America’s leading climate and environmental groups including Natural Resources Defense Council (NRDC), Energy Foundation, and Environmental Defense Fund have not responded to repeated queries about evidence that China is forcing Uyghur Muslims to make the solar panels that the three groups promote as a core solution to climate change.
Why, then, aren’t they calling for a ban on solar panels made in China?
Conflicts of Interest
Yesterday, the Solar Energy Industries Association issued a set of guidelines, or a “protocol,” for solar panel companies to use to avoid the use of genocide labor. “Solar customers expect their products to be ethically produced, and this protocol helps ensure that solar products coming into the United States are not made using forced labor,” it says.

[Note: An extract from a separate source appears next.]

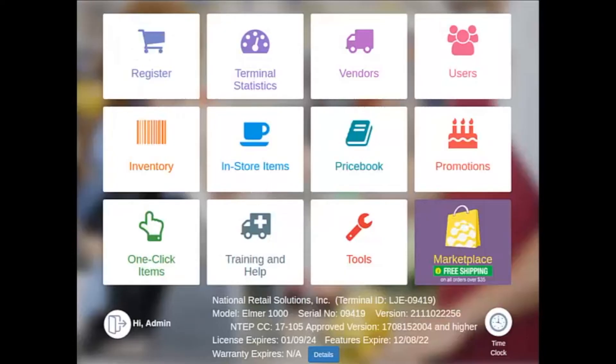Now that we have an understanding of how we can manage our inventory, let's show you how simple it is to start tracking inventory.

But conditions in Xinjiang are determined by the Chinese government which is repressing the Muslim population. “It has become almost impossible to talk of voluntary labor among a group of people who are in immediate danger of being incarcerated for no reason whatsoever,” said a Xinjiang expert.

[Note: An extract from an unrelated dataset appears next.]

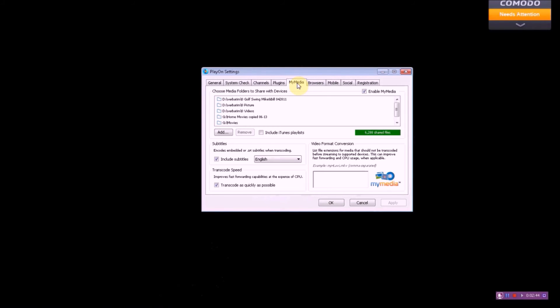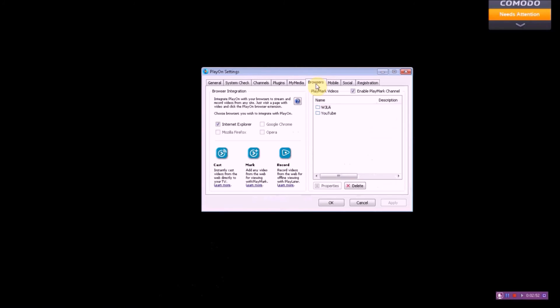You also have My Media Sources. My Media Sources can be an external or internal hard drive where you keep your home movies and photos. And you've got a channel called My Media on PlayOn that you can access these movies and photos from.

Noted the Wall Street Journal, “Chinese manufacturers aren’t always transparent about where they are getting their raw materials, and wafer makers sometimes mix polysilicon from Xinjiang and other regions together.”
China supplies more than 80% of the world’s polysilicon, the base ingredient for panels. Xinjiang produces half of global production, according to Bloomberg New Energy Finance. The U.S., by contrast, produces less than 5% of the world’s solar-grade polysilicon.
The Association did not respond to my query as to whether or not it would support a ban on solar panels from China until the protocol can be implemented. Republicans have introduced legislation to ban solar panels made in China but have not been joined by Democrats.
Meanwhile, the Chinese government shows no sign of supporting a relocation of its solar panel industry from Xinjiang, and continues to deny claims of genocide.
NRDC, EDF, and Energy Foundation receive over $100 million each from mostly anonymous donors. One of EDF’s largest donors is oil, gas and renewables investor Julian Robertson, who has donated $60 million to EDF and sits on EDF’s governing board.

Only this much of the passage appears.